2009-08-27 Thread Glen Newton
2009/8/27 Fuad Efendi f...@efendi.ca:
 stored=true means that this piece of info will be stored in a filesystem.
 So that your index will contain 1Mb of pure log PLUS some info related to
 indexing itself: terms, etc.

 Search speed is more important than index size...

Not if you run out of space for the index. :-)

 And note this: message field contains actual log, stored=true, so that
 only this field will make 1Mb if not indexed


 -Original Message-
 From: Silent Surfer [mailto:silentsurfe...@yahoo.com]
 Sent: August-20-09 11:01 AM
 To: Solr User
 Subject: How to reduce the Solr index size..

 Hi,

 I am newbie to Solr. We recently started using Solr.

 We are using Solr to process the server logs. We are creating the indexes
 for each line of the logs, so that users would be able to do a fine grain
 search upto second/ms.

 Now what we are observing is , the index size that is being created is
 almost double the size of the actual log size. i.e if the logs size is say 1
 MB, the actual index size is around 2 MB.

 Could anyone let us know what can be done to reduce the index size. Do we
 need to change any configurations/delete any files which are created during
 the indexing processes, but not required for searching..

 Our schema is as follows:

   field name=pkey type=string indexed=true stored=true
 required=false /
   field name=date type=date indexed=true stored=true
 omitNorms=true/
   field name=level type=string indexed=true stored=true/
   field name=app type=string indexed=true stored=true/
   field name=server type=string indexed=true stored=true/
   field name=port type=string indexed=true stored=true/
   field name=class type=string indexed=true stored=true/
   field name=method type=string indexed=true stored=true/
   field name=filename type=string indexed=true stored=true/
   field name=linenumber type=string indexed=true stored=true/
   field name=message type=text indexed=true stored=true/

 message field holds the actual logtext.

 Thanks,
 sS










-- 

-


Re: How to reduce the Solr index size..

2009-08-20 Thread Grant Ingersoll


On Aug 20, 2009, at 11:00 AM, Silent Surfer wrote:


Hi,

I am newbie to Solr. We recently started using Solr.
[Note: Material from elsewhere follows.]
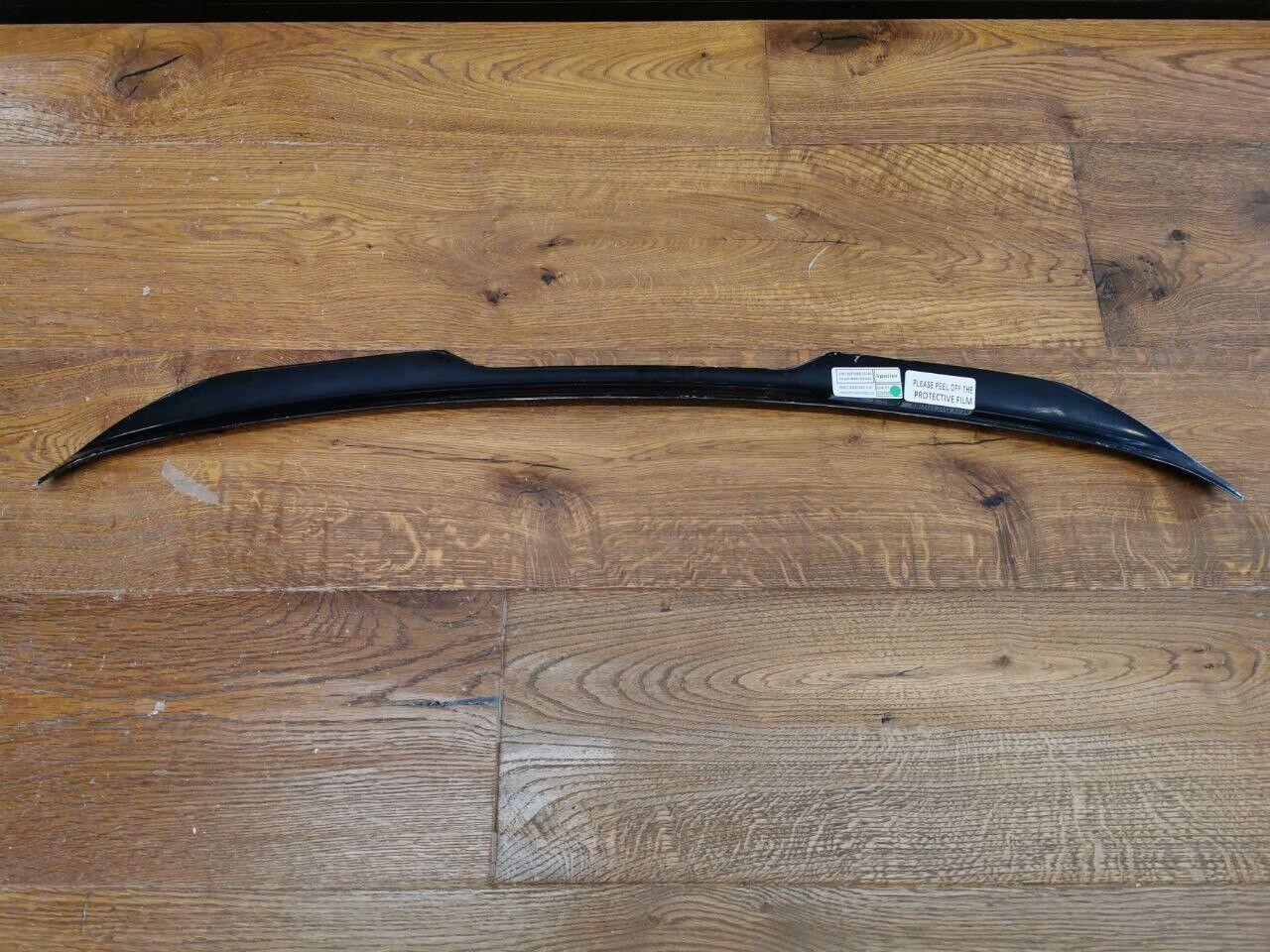 ALA AGGIUNTIVA ADATTA PER VW GOLF 8 GTI RLINE 2020+ LOOK NERO LUCIDO V.2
We are using Solr to process the server logs. We are creating the  
indexes for each line of the logs, so that users would be able to do  
a fine grain search upto second/ms.


Now what we are observing is , the index size that is being created  
is almost double the size of the actual log size. i.e if the logs  
size is say 1 MB, the actual index size is around 2 MB.


Could anyone let us know what can be done to reduce the index size.  
Do we need to change any configurations/delete any files which are  
created during the indexing processes, but not required for  
searching..


Our schema is as follows:

  field name=pkey type=string indexed=true stored=true  
required=false /
  field name=date type=date indexed=true stored=true  
omitNorms=true/

  field name=level type=string indexed=true stored=true/
  field name=app type=string indexed=true stored=true/
  field name=server type=string indexed=true stored=true/
  field name=port type=string indexed=true stored=true/
  field name=class type=string indexed=true stored=true/
  field name=method type=string indexed=true stored=true/
  field name=filename type=string indexed=true stored=true/
  field name=linenumber type=string indexed=true  
stored=true/

  field name=message type=text indexed=true stored=true/

message field holds the actual logtext.


There are a couple of things you can do:
1. stored = true only needs to be on if you are going to use that  
value later in your application (i.e. for display).  Storage is not  
needed for search.
2. You can omitNorms and termFreqsAndPositions for any fields that you  
aren't searching (but just displaying).


A doubling in size seems a bit much.  However, 1 MB is likely not  
enough to show whether this holds true for a larger index.  Often  
times, the growth of the index is sublinear, since the same terms  
appear over and over again and Lucene can obtain pretty high levels of  
compression.


Also, are you adding any other content to what comes in (synonyms,  
etc.)?


I would open up the index in Luke, too and make sure everything looks  
right.



--
Grant Ingersoll
http://www.lucidimagination.com/

Search the Lucene ecosystem (Lucene/Solr/Nutch/Mahout/Tika/Droids)  
using Solr/Lucene:

http://www.lucidimagination.com/search



How to reduce the Solr index size..

2009-08-20 Thread Silent Surfer
Hi,

I am newbie to Solr. We recently started using Solr.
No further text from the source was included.